Environmental emergencies tend to be regional and dependent on the local climate and geographic locations. Environmental emergencies may include heat and cold related injury, smoke inhalation, water accidents, reptile and insect bites, and an endless list of toxins. Here we will focus on heat stroke, hypothermia, smoke inhalation, and near drowning.

Definitions

Heat stroke: a core body temperature that rises above 104.0°F and that is accompanied by hot, dry skin and central nervous system abnormalities such as delirium, convulsions, or coma.

  • Hyperthermia: a pryogenic or nonpyrogenic elevation in body temperature.

  • Heat cramps: dehydration, hyponatremia, and muscle cramps.

  • Heat exhaustion: lethargy brought on by extreme heat conditions.

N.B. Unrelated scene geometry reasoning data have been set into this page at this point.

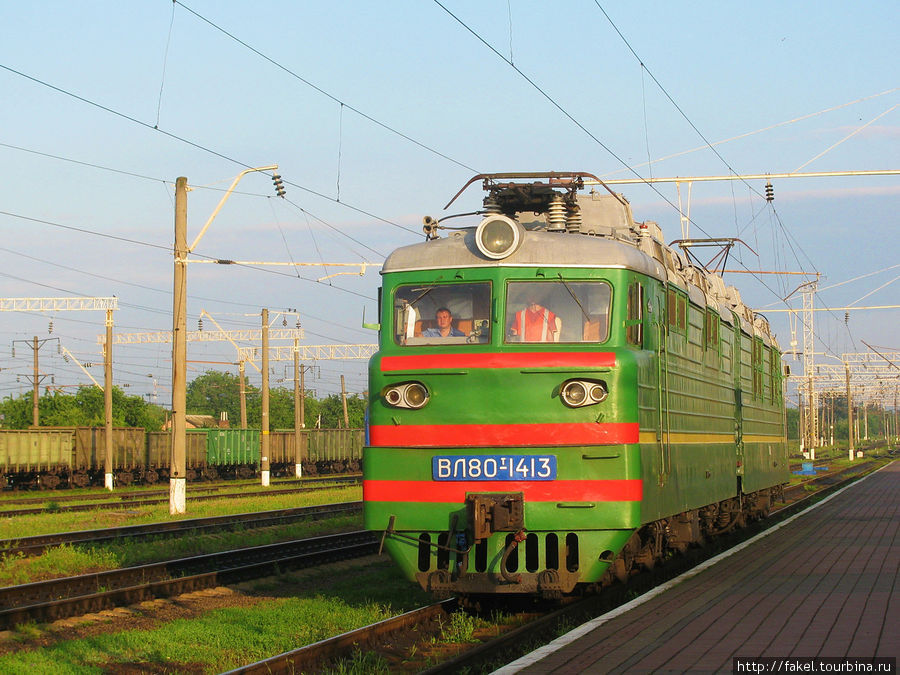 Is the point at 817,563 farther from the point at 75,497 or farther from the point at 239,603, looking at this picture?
the point at 75,497

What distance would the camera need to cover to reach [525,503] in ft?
31.4

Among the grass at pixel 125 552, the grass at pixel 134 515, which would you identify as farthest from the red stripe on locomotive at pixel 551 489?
the grass at pixel 134 515

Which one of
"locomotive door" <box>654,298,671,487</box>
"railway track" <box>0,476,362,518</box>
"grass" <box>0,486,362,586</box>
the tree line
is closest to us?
"locomotive door" <box>654,298,671,487</box>

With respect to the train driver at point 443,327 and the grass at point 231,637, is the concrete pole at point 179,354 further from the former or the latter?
the train driver at point 443,327

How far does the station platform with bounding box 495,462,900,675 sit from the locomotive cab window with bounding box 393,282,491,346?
113 inches

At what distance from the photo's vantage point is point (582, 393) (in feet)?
31.7

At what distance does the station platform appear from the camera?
7.47 meters

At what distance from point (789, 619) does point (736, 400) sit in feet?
27.3

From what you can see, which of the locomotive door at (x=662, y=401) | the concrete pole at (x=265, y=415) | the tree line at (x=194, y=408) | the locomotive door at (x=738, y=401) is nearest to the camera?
the locomotive door at (x=662, y=401)

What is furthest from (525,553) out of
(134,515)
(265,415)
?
(265,415)

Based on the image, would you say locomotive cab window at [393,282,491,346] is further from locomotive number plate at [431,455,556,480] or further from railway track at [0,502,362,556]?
railway track at [0,502,362,556]

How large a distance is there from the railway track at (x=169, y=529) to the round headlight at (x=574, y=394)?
33.1 feet

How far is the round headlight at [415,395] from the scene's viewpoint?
10.1 metres

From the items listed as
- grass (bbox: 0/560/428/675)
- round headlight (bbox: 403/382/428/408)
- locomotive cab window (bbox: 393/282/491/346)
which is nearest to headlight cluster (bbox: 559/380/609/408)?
locomotive cab window (bbox: 393/282/491/346) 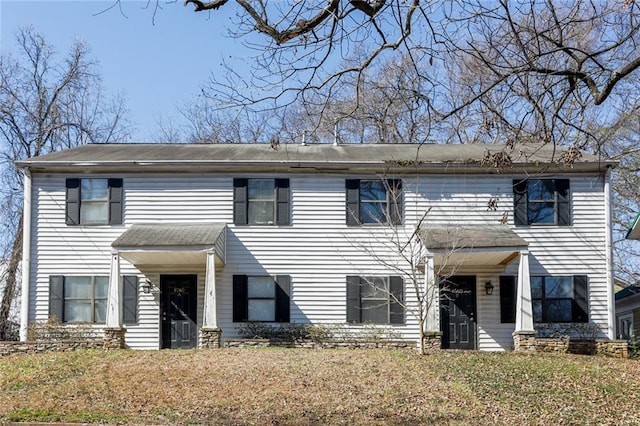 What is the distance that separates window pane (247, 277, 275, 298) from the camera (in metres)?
20.3

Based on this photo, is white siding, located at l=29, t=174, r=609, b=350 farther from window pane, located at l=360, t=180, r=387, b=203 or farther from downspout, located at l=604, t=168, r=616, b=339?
window pane, located at l=360, t=180, r=387, b=203

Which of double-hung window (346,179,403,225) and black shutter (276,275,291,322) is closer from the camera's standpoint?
black shutter (276,275,291,322)

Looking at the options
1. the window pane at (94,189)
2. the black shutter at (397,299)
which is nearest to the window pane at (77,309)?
the window pane at (94,189)

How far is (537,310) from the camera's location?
20.3 m

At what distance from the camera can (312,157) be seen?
21.1 metres

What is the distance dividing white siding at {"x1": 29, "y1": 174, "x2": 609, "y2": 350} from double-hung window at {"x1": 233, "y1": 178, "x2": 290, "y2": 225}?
0.57ft

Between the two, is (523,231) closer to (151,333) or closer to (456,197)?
(456,197)

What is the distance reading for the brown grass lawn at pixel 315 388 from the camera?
12141mm

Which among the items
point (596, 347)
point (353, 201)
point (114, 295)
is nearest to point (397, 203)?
point (353, 201)

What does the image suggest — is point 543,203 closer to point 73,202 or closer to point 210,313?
Answer: point 210,313

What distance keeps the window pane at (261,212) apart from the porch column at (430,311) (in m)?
4.31

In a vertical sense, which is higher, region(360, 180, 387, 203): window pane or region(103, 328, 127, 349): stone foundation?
region(360, 180, 387, 203): window pane

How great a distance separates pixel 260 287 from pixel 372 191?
12.7 ft

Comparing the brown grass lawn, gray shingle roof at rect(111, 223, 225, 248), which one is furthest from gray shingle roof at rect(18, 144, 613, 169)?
the brown grass lawn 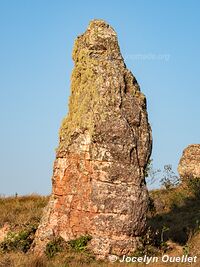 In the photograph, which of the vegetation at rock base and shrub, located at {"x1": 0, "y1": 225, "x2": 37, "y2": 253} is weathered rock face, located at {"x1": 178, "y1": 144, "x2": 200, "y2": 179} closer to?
the vegetation at rock base

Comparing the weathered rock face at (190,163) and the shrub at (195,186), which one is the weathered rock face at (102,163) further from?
the weathered rock face at (190,163)

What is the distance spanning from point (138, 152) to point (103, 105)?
1560 mm

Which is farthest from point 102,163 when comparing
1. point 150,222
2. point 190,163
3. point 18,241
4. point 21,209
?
point 190,163

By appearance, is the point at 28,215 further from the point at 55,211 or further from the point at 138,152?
the point at 138,152

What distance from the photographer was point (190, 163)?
88.7 ft

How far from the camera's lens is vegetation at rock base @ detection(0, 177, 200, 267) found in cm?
1147

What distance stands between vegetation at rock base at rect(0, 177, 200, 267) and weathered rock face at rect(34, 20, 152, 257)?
0.43 meters

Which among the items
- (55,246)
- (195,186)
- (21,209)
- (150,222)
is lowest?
(55,246)

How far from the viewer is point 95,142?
12484 mm

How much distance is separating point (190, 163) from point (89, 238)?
15.8 metres

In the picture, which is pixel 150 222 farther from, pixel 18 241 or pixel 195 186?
pixel 195 186

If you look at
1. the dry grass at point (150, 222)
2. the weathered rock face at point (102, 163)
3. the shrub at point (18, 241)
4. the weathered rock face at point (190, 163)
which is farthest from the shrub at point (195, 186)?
the shrub at point (18, 241)

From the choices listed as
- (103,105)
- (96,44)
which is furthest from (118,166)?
(96,44)

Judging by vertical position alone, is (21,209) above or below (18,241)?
above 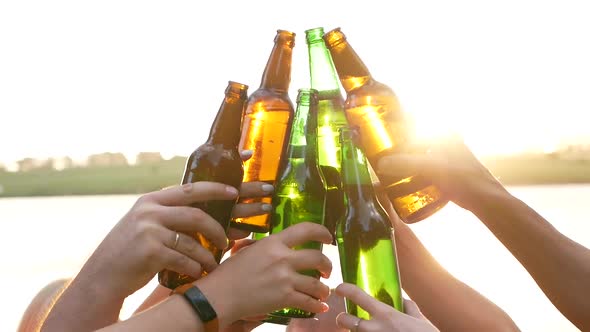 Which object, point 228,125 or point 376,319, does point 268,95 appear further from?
point 376,319

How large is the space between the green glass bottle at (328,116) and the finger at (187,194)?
0.20 metres

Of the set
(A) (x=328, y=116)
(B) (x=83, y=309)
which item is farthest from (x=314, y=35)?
(B) (x=83, y=309)

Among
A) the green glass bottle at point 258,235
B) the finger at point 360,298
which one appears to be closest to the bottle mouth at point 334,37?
the green glass bottle at point 258,235

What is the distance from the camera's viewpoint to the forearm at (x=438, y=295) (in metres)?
1.37

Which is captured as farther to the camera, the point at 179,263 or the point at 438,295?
the point at 438,295

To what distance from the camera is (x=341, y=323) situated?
946mm

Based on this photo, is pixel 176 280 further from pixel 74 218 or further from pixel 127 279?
Result: pixel 74 218

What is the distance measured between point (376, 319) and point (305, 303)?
113 mm

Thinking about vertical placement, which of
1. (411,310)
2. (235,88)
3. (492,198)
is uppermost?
(235,88)

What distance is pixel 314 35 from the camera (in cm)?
125

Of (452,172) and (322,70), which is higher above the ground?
(322,70)

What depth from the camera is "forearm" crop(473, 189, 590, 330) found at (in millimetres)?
1132

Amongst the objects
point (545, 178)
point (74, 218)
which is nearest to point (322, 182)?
point (74, 218)

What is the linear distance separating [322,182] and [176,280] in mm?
283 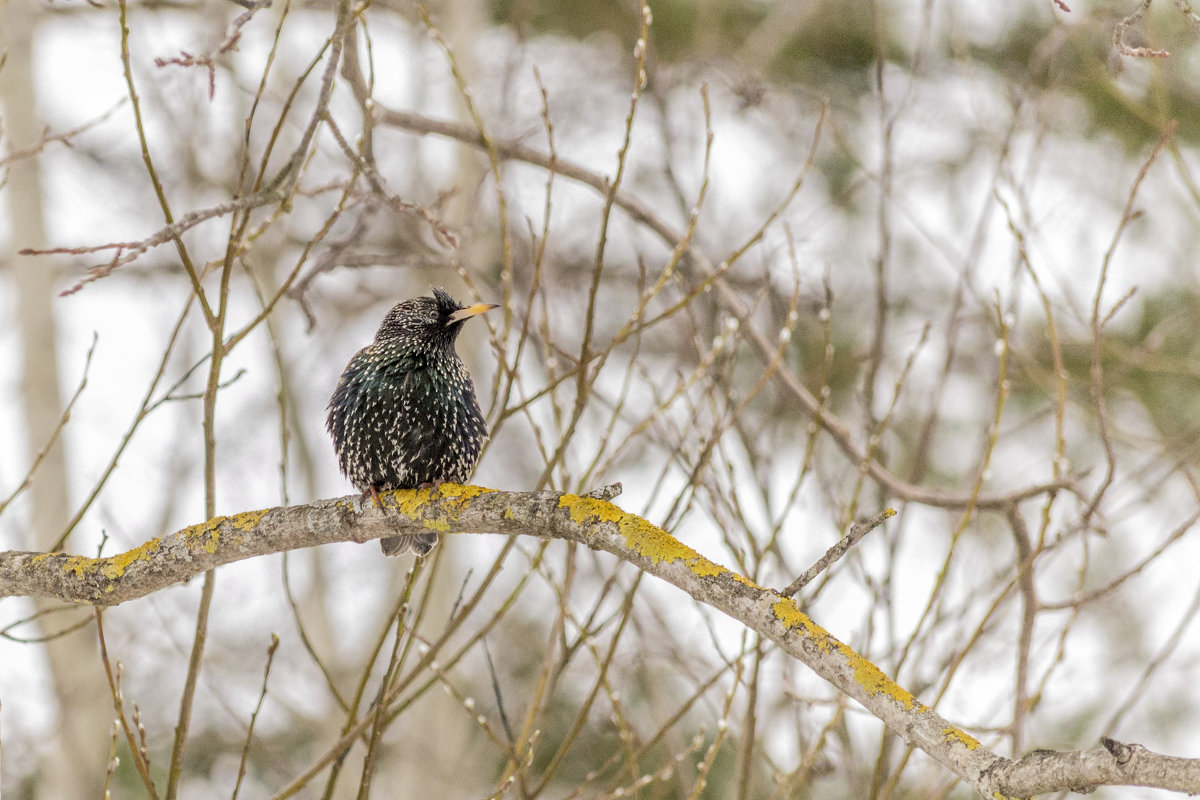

  • Heat prostration: more severe than heat exhaustion with headache, vomiting, tachycardia, and hypotension

Heat Stroke

Heat stroke is a common emergency that is seen in most ER clinics through out the country, but is localized mostly in the southern states and hot climates. As acclimation is somewhat protective, cases are often seen earlier in the summer months. This is a life threatening injury that results in thermal injury to the organs, tissues, cells, and proteins. The thermal injury can result in severe cellular necrosis. Heat stroke, if severe can lead to multiple organ dysfunction and subsequent death if not treated immediately and aggressively upon presentation. Even with prompt therapy, death is common among severely affected individuals. The diagnosis is made based on a core body temperature above 104°F, central nervous system dysfunction (e.g., delirium, convulsions, or coma), and varying degrees of organ dysfunction..

Mechanisms for heat loss

Heat is normally dissipated by 4 mechanisms: conduction, convection, radiation, and evaporation. Conduction is when body is in contact with a cooler surface (allowing heat transferred to surface). Convection is the transfer of heat from the body as air passes over it (Fan). Radiation is the process of the body releasing heat into environment. Evaporation is the process of a fluid changing into to a vapor (panting). As the environmental temperature increases above 89.6°F, evaporation becomes the most important mechanism for dissipating body heat.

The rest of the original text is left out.